I was fairly apprehensive about cooking vegan meals, if only because I hadn’t ever done it before. I had always seen vegan cooking as complicated and full of dizzying substitutions. Once I found out how simple it could be, I was 100 percent on board.
I made sure to make BIG batches so that there would be enough for 2+ meals (because the less I cook, the happier I am).
Here are some recipes I tried throughout the week:
This curry was incredibly flavorful. The potatoes and healthy fats from the coconut milk made it really filling and satisfying, which was perfect for the days my breakfasts and lunches were lighter. This recipe made enough for two nights of meals for both me and my husband, so even though it took almost an hour to make, I didn’t have to cook the following evening.
- 4 potatoes, peeled and cubed
- 2 tablespoons vegetable oil
- 1 yellow onion, diced
- 3 cloves garlic, minced
- 2 teaspoons ground cumin
- 1 1/2 teaspoons cayenne pepper
- 4 teaspoons curry powder
- 4 teaspoons garam masala
- 2 teaspoons salt
- 1 (14.5 ounce) can diced tomatoes
- 1 (15 ounce) can garbanzo beans (chickpeas), rinsed and drained
- 1 (15 ounce) can peas, drained
- 1 (14 ounce) can coconut milk
- Place potatoes into a large pot and cover with salted water. Bring to a boil over high heat, then reduce heat to medium-low, cover, and simmer until just tender, about 15 minutes. Drain and allow to steam-dry for a minute or two.

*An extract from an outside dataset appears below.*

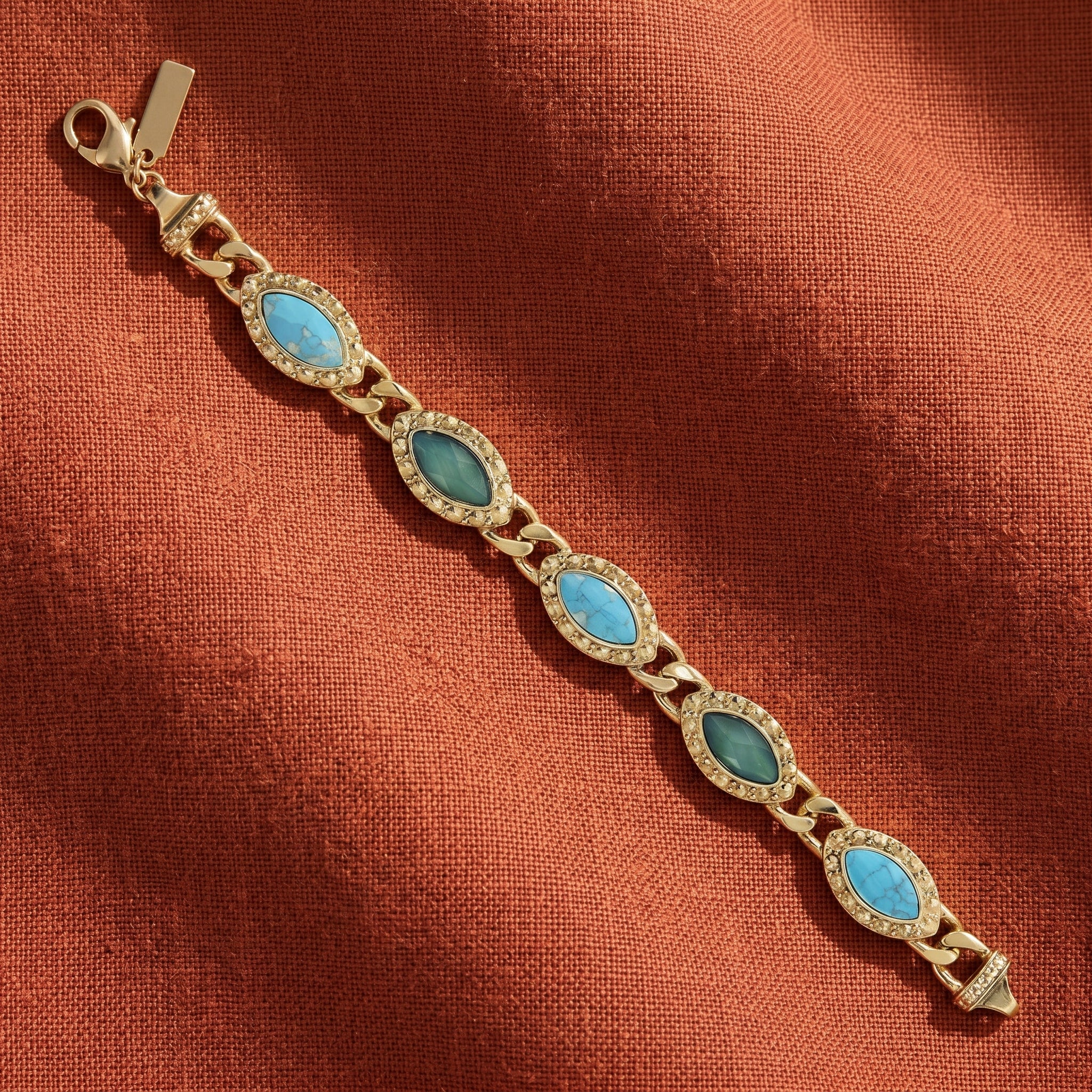 Gold bracelet with blue stones on a rust-colored fabric background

- Meanwhile, heat the vegetable oil in a large skillet over medium heat. Stir in the onion and garlic; cook and stir until the onion has softened and turned translucent, about 5 minutes. Season with cumin, cayenne pepper, curry powder, garam masala, and salt; cook for 2 minutes more.
- Add the tomatoes, garbanzo beans, peas, and potatoes. Pour in the coconut milk, and bring to a simmer. Simmer 5-10 minutes before serving.
Source: Give Recipe
I made a big batch of easy-peasy pasta, which lasted for two dinners. The recipe was improvised on the spot, but I’ll do my best to recreate the recipe for you here.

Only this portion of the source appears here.